* **WHAT IS NEEDED**
Please return all of the entries below exactly as they are written.

------------------------------------

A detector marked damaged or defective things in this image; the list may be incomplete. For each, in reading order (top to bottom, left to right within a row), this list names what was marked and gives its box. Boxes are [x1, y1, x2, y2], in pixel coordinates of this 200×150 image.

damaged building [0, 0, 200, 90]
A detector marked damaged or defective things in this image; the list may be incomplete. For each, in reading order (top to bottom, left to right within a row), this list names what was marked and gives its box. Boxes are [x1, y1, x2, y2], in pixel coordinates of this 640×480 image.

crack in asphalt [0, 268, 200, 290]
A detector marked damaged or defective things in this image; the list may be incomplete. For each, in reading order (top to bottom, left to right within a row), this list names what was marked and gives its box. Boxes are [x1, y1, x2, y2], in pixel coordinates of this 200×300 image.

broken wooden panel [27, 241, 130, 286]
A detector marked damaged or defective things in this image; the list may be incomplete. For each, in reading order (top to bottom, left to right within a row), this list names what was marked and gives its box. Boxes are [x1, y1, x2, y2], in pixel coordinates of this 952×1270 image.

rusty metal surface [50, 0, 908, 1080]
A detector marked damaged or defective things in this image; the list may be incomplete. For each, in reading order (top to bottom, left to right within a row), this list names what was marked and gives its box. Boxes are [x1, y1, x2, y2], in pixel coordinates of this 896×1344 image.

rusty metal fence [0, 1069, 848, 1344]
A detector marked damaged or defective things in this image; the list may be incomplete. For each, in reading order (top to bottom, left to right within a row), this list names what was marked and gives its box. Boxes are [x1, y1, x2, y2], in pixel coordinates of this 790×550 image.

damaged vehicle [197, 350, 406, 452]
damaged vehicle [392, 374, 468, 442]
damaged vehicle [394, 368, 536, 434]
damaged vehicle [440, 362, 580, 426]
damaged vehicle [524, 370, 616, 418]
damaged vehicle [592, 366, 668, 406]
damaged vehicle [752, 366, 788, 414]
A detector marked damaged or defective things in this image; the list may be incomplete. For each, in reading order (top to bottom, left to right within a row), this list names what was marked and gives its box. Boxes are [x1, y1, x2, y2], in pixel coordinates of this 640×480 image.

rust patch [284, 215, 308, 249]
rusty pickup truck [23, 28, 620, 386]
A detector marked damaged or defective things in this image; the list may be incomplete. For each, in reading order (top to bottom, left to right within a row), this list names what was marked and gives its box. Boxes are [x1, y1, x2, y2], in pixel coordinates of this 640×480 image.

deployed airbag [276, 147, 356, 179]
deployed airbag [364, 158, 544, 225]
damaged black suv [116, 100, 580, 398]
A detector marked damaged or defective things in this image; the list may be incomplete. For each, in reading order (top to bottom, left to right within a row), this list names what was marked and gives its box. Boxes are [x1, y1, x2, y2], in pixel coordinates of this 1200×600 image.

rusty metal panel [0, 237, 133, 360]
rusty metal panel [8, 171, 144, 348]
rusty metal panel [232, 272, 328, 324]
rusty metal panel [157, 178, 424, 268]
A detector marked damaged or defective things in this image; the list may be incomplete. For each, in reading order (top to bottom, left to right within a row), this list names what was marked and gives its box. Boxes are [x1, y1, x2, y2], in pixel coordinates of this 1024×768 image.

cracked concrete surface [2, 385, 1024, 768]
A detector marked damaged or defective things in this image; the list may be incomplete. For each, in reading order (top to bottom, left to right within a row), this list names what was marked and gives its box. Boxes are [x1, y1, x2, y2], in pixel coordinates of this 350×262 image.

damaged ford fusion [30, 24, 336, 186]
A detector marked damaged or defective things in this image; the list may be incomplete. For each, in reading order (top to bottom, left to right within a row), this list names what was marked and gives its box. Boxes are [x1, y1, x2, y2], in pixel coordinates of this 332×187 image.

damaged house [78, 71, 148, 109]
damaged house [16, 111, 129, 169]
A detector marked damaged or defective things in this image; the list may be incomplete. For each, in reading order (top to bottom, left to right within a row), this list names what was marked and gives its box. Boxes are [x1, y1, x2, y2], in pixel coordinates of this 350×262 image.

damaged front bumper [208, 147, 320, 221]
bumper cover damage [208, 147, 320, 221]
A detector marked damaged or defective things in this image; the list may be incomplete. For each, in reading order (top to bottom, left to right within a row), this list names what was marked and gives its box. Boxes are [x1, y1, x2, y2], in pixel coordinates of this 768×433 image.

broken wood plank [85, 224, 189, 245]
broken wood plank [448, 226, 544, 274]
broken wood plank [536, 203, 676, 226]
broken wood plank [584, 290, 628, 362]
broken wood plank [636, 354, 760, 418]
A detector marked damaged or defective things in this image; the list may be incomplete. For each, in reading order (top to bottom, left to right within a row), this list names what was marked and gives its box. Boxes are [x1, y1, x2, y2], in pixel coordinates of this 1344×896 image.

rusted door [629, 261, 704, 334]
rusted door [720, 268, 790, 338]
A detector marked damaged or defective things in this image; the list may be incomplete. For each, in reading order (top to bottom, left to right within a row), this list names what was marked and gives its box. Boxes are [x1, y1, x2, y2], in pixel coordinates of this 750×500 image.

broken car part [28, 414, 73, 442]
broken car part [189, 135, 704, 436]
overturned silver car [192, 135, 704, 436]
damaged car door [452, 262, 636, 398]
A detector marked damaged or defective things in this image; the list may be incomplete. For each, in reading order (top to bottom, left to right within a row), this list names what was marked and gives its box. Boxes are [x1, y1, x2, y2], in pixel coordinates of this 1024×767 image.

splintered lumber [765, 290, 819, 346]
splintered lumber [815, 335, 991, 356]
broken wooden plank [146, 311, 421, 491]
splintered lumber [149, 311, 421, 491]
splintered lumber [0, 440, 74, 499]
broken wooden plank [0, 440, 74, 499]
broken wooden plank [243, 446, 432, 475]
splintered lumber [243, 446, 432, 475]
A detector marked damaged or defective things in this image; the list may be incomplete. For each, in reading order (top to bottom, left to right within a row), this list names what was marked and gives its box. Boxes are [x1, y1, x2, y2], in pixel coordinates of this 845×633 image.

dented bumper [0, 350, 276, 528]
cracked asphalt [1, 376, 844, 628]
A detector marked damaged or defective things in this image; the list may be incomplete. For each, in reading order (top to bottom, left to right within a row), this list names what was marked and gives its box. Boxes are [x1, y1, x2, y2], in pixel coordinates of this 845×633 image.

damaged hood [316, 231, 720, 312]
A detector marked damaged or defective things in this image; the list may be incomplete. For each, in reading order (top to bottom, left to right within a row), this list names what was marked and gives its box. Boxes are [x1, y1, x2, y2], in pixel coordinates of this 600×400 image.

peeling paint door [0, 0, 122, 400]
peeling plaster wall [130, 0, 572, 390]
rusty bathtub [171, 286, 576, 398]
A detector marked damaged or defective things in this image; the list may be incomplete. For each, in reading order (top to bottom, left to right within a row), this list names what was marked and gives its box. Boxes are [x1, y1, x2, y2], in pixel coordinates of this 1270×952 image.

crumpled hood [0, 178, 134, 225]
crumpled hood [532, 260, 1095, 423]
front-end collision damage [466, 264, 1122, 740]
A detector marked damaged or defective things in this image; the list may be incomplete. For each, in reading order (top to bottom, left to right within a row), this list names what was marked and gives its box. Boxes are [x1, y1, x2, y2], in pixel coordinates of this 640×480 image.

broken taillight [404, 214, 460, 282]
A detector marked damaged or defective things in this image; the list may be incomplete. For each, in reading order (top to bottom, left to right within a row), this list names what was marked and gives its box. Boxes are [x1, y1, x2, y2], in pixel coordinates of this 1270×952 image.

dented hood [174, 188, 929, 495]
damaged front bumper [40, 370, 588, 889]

------------------------------------

* **RESULT BELOW**
A detector marked damaged or defective things in this image; the list may be incomplete. For each, in reading order (top to bottom, left to right within a row), this list names what was marked and gives its box. Boxes are [x1, y1, x2, y2], in pixel coordinates of this 200×150 image.

damaged building [0, 0, 200, 90]
A detector marked damaged or defective things in this image; the list may be incomplete. For each, in reading order (top to bottom, left to right within a row), this list names what was marked and gives its box. Boxes are [x1, y1, x2, y2], in pixel coordinates of this 640×480 image.

crack in asphalt [0, 268, 200, 290]
A detector marked damaged or defective things in this image; the list may be incomplete. For each, in reading order (top to bottom, left to right within a row), this list names what was marked and gives its box. Boxes are [x1, y1, x2, y2], in pixel coordinates of this 200×300 image.

broken wooden panel [27, 241, 130, 286]
A detector marked damaged or defective things in this image; the list may be incomplete. For each, in reading order (top to bottom, left to right within a row), this list names what was marked and gives its box. Boxes are [x1, y1, x2, y2], in pixel coordinates of this 952×1270 image.

rusty metal surface [50, 0, 908, 1080]
A detector marked damaged or defective things in this image; the list may be incomplete. For each, in reading order (top to bottom, left to right within a row), this list names what was marked and gives its box. Boxes are [x1, y1, x2, y2], in pixel coordinates of this 896×1344 image.

rusty metal fence [0, 1069, 848, 1344]
A detector marked damaged or defective things in this image; the list may be incomplete. For each, in reading order (top to bottom, left to right within a row), this list names what was marked and gives its box. Boxes are [x1, y1, x2, y2], in pixel coordinates of this 790×550 image.

damaged vehicle [197, 350, 406, 452]
damaged vehicle [392, 374, 468, 442]
damaged vehicle [394, 368, 536, 434]
damaged vehicle [440, 362, 580, 426]
damaged vehicle [524, 370, 616, 418]
damaged vehicle [592, 366, 668, 406]
damaged vehicle [752, 366, 788, 414]
A detector marked damaged or defective things in this image; the list may be incomplete. For each, in reading order (top to bottom, left to right within a row), this list names what was marked and gives its box. Boxes are [x1, y1, x2, y2], in pixel coordinates of this 640×480 image.

rust patch [284, 215, 308, 249]
rusty pickup truck [23, 28, 620, 386]
A detector marked damaged or defective things in this image; the list may be incomplete. For each, in reading order (top to bottom, left to right within a row), this list names what was marked and gives its box. Boxes are [x1, y1, x2, y2], in pixel coordinates of this 640×480 image.

deployed airbag [276, 147, 356, 179]
deployed airbag [364, 158, 544, 225]
damaged black suv [116, 100, 580, 398]
A detector marked damaged or defective things in this image; the list may be incomplete. For each, in reading order (top to bottom, left to right within a row), this list names what was marked and gives its box. Boxes are [x1, y1, x2, y2], in pixel coordinates of this 1200×600 image.

rusty metal panel [0, 237, 133, 360]
rusty metal panel [8, 171, 144, 348]
rusty metal panel [232, 272, 328, 324]
rusty metal panel [157, 178, 424, 268]
A detector marked damaged or defective things in this image; the list may be incomplete. For each, in reading order (top to bottom, left to right within a row), this list names what was marked and gives its box. Boxes are [x1, y1, x2, y2], in pixel coordinates of this 1024×768 image.

cracked concrete surface [2, 385, 1024, 768]
A detector marked damaged or defective things in this image; the list may be incomplete. For each, in reading order (top to bottom, left to right within a row), this list names what was marked and gives its box. Boxes are [x1, y1, x2, y2], in pixel coordinates of this 350×262 image.

damaged ford fusion [30, 24, 336, 186]
A detector marked damaged or defective things in this image; the list may be incomplete. For each, in reading order (top to bottom, left to right within a row), this list names what was marked and gives its box. Boxes are [x1, y1, x2, y2], in pixel coordinates of this 332×187 image.

damaged house [78, 71, 148, 109]
damaged house [16, 111, 129, 169]
A detector marked damaged or defective things in this image; the list may be incomplete. For each, in reading order (top to bottom, left to right within a row), this list names what was marked and gives its box. Boxes are [x1, y1, x2, y2], in pixel coordinates of this 350×262 image.

damaged front bumper [208, 147, 320, 221]
bumper cover damage [208, 147, 320, 221]
A detector marked damaged or defective things in this image; the list may be incomplete. For each, in reading order (top to bottom, left to right within a row), this list names what was marked and gives its box. Boxes are [x1, y1, x2, y2], in pixel coordinates of this 768×433 image.

broken wood plank [85, 224, 189, 245]
broken wood plank [448, 226, 544, 274]
broken wood plank [536, 203, 676, 226]
broken wood plank [584, 290, 628, 362]
broken wood plank [636, 354, 760, 418]
A detector marked damaged or defective things in this image; the list may be incomplete. For each, in reading order (top to bottom, left to right within a row), this list names what was marked and gives its box. Boxes are [x1, y1, x2, y2], in pixel coordinates of this 1344×896 image.

rusted door [629, 261, 704, 334]
rusted door [720, 268, 790, 338]
A detector marked damaged or defective things in this image; the list may be incomplete. For each, in reading order (top to bottom, left to right within a row), this list names what was marked and gives its box. Boxes are [x1, y1, x2, y2], in pixel coordinates of this 750×500 image.

broken car part [28, 414, 73, 442]
broken car part [189, 135, 704, 436]
overturned silver car [192, 135, 704, 436]
damaged car door [452, 262, 636, 398]
A detector marked damaged or defective things in this image; the list may be incomplete. For each, in reading order (top to bottom, left to right within a row), this list names what was marked and gives its box. Boxes are [x1, y1, x2, y2], in pixel coordinates of this 1024×767 image.

splintered lumber [765, 290, 819, 346]
splintered lumber [815, 335, 991, 356]
broken wooden plank [146, 311, 421, 491]
splintered lumber [149, 311, 421, 491]
splintered lumber [0, 440, 74, 499]
broken wooden plank [0, 440, 74, 499]
broken wooden plank [243, 446, 432, 475]
splintered lumber [243, 446, 432, 475]
A detector marked damaged or defective things in this image; the list may be incomplete. For each, in reading order (top to bottom, left to right within a row), this list names what was marked and gives its box. Boxes are [x1, y1, x2, y2], in pixel coordinates of this 845×633 image.

dented bumper [0, 350, 276, 528]
cracked asphalt [1, 376, 844, 628]
A detector marked damaged or defective things in this image; the list may be incomplete. For each, in reading order (top to bottom, left to right within a row), this list names what was marked and gives its box. Boxes are [x1, y1, x2, y2], in pixel coordinates of this 845×633 image.

damaged hood [316, 231, 720, 312]
A detector marked damaged or defective things in this image; the list may be incomplete. For each, in reading order (top to bottom, left to right within a row), this list names what was marked and gives its box. Boxes are [x1, y1, x2, y2], in pixel coordinates of this 600×400 image.

peeling paint door [0, 0, 122, 400]
peeling plaster wall [130, 0, 572, 390]
rusty bathtub [171, 286, 576, 398]
A detector marked damaged or defective things in this image; the list may be incomplete. For each, in reading order (top to bottom, left to right within a row), this list names what was marked and gives its box. Boxes are [x1, y1, x2, y2], in pixel coordinates of this 1270×952 image.

crumpled hood [0, 178, 134, 225]
crumpled hood [532, 260, 1095, 423]
front-end collision damage [466, 264, 1122, 740]
A detector marked damaged or defective things in this image; the list may be incomplete. For each, in reading order (top to bottom, left to right within a row), this list names what was marked and gives its box. Boxes are [x1, y1, x2, y2], in pixel coordinates of this 640×480 image.

broken taillight [404, 214, 460, 282]
A detector marked damaged or defective things in this image; the list may be incomplete. For each, in reading order (top to bottom, left to right within a row), this list names what was marked and gives its box. Boxes are [x1, y1, x2, y2], in pixel coordinates of this 1270×952 image.

dented hood [174, 188, 929, 495]
damaged front bumper [40, 370, 588, 889]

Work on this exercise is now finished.